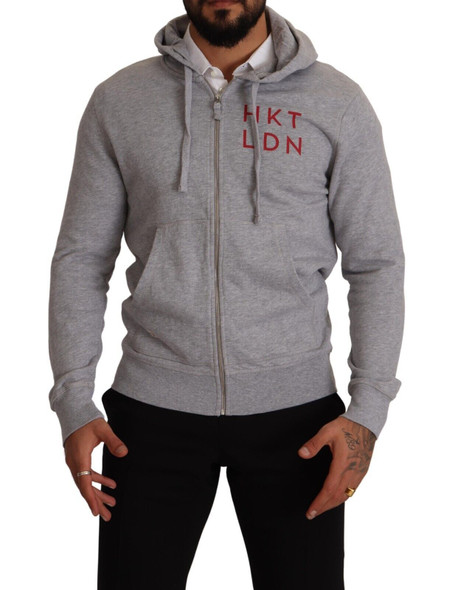 Gray Full Zip Hooded Cotton Sweatshirt Sweater Gray Full Zip Hooded Cotton Sweatshirt Sweater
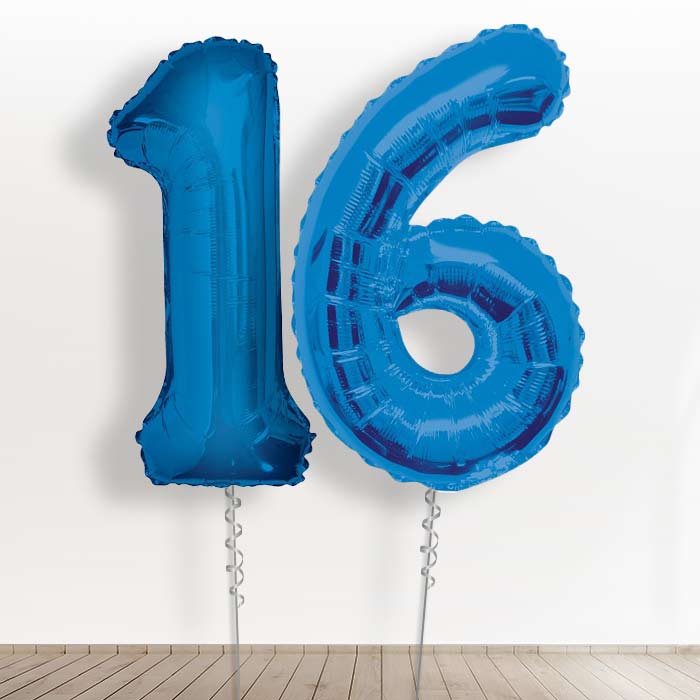 Blue 16th Birthday Balloon Numbers in a Box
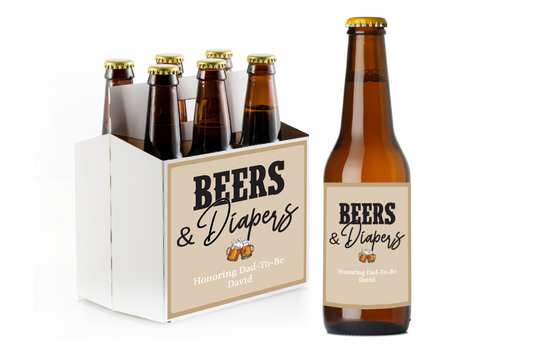 Beers & Diapers Custom Personalized Beer Label & Beer Carrier (set of 6)
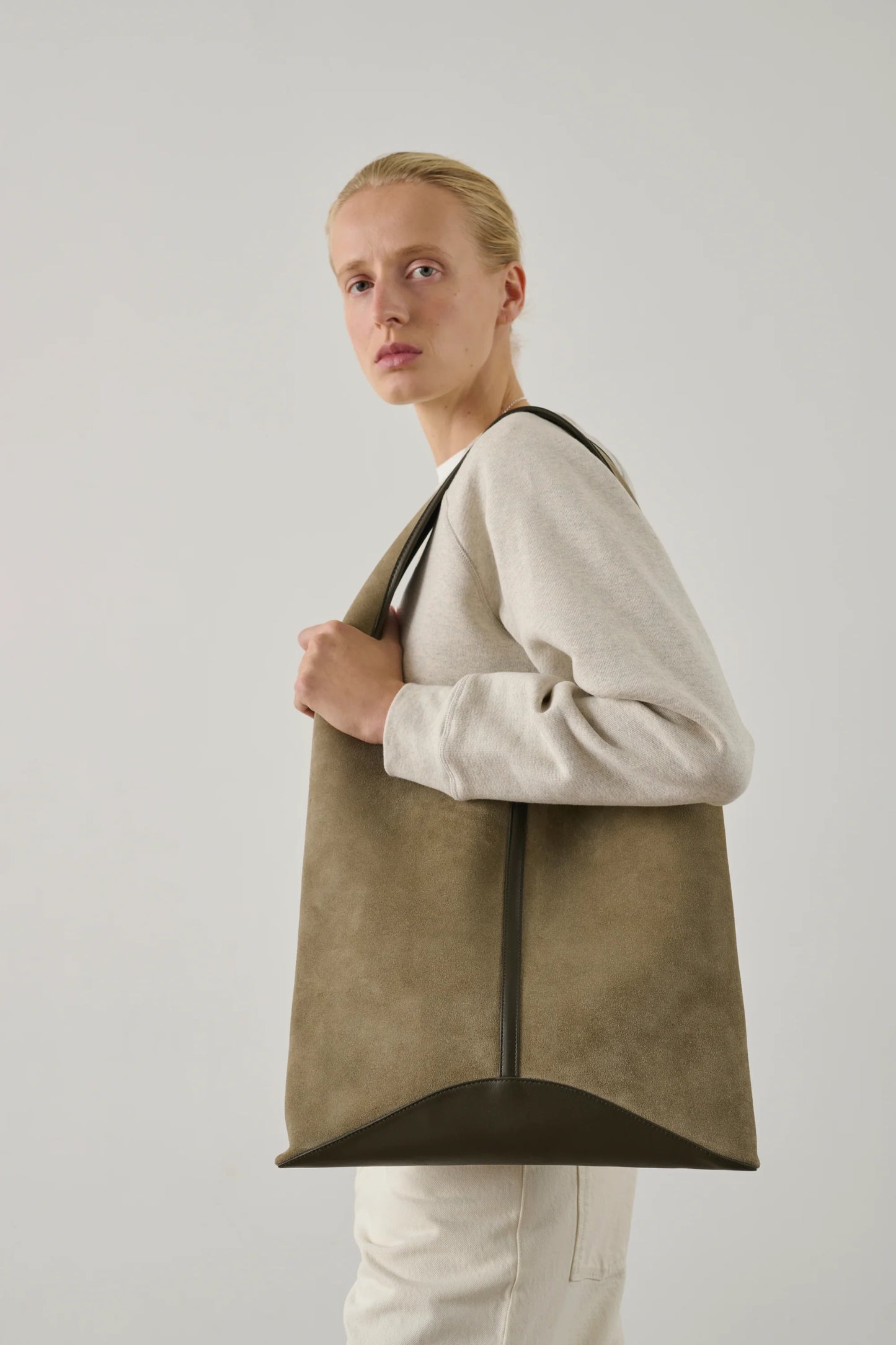 Delice tote bag in split leather - grey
━━━━
--- TASK DESCRIPTION ---
Apart from the pictures, all of the data must be duplicated exactly as shown above.

--- RESPONSE AREA ---
 Gray Full Zip Hooded Cotton Sweatshirt Sweater Gray Full Zip Hooded Cotton Sweatshirt Sweater
 Blue 16th Birthday Balloon Numbers in a Box
 Beers & Diapers Custom Personalized Beer Label & Beer Carrier (set of 6)
 Delice tote bag in split leather - grey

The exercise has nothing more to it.